No new standards. No new file formats. No committee meetings. Just the `Accept` header doing what it was always meant to do.

This also opens up some fun ideas for the [AI podcast & NPC generation](/news/ai-podcast) project — imagine agents pulling structured episode data directly instead of scraping a page. Now they will 🚀

## Questions & Answers



*Questions about the article, answered by the developer.*



**1. So you're basically saying HTTP already solved this problem 30 years ago and we just never needed it until now — what was the moment you went 'oh wait, the Accept header already does this'?**

I usually thing about these things everytime i make a REST API, or  you around with any HTTP or web-frameworks like next or even HTMLX memes. 

It's just adopting these things to the AI world. 

**2. You're not just passively waiting for bots to ask nicely — you're actively detecting them with things like missing Sec-Fetch-Mode headers and known User-Agent patterns. Isn't there a risk of false positives where a real user gets served raw markdown instead of the site?**

Yeah sure that could happen, never let the edge-cases drive your main decision arc. 
Most users use normal browers, does who don't, I assume know what they are doing. 

**3. You mentioned sending back an x-markdown-tokens header estimating token count for agents managing context windows — that's a really specific detail.
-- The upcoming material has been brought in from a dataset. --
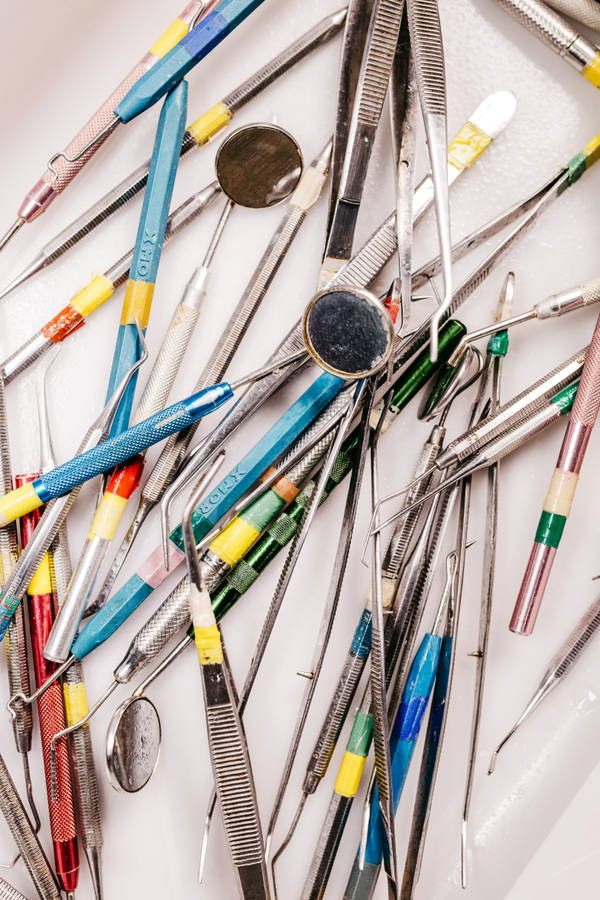 Colorful Dentistry Tools Wallpaper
How are you calculating that, and have you seen any AI agents actually use it?**

It's just a calculation of the content size divided 4. It's just an indicator of the length of the content. 
A nice guesture or hello.

**4. You called out Cloudflare doing this at the CDN level and you took it site-wide instead. What's your take on where this should live — should it be an infrastructure thing or something developers own per-site?**

Dynamic content, for static sure we can do it on the CDN side but authors want to have control of their content. 

**5. You've got llms.txt, robots.txt, sitemaps, RSS, OpenGraph, JSON-LD — and now content negotiation on top of all that. Is this replacing any of those, or is it just yet another layer in the machine-readable lasagna?**

more lasagna for everybody, there are lots of standards for many reasons - markdown is just a sign of the current age - it might go out of fashion eventually.

**6. You teased at the end that this connects to your AI podcast and NPC generation work — agents pulling structured episode data instead of scraping. How far along is that idea, and what does that actually look like in practice?**

I mean these questions and answers is one of the things for generative podcast content.  Layers of meta-content, these questions are a human beeing interviewed by an LLM about the content of the news-post.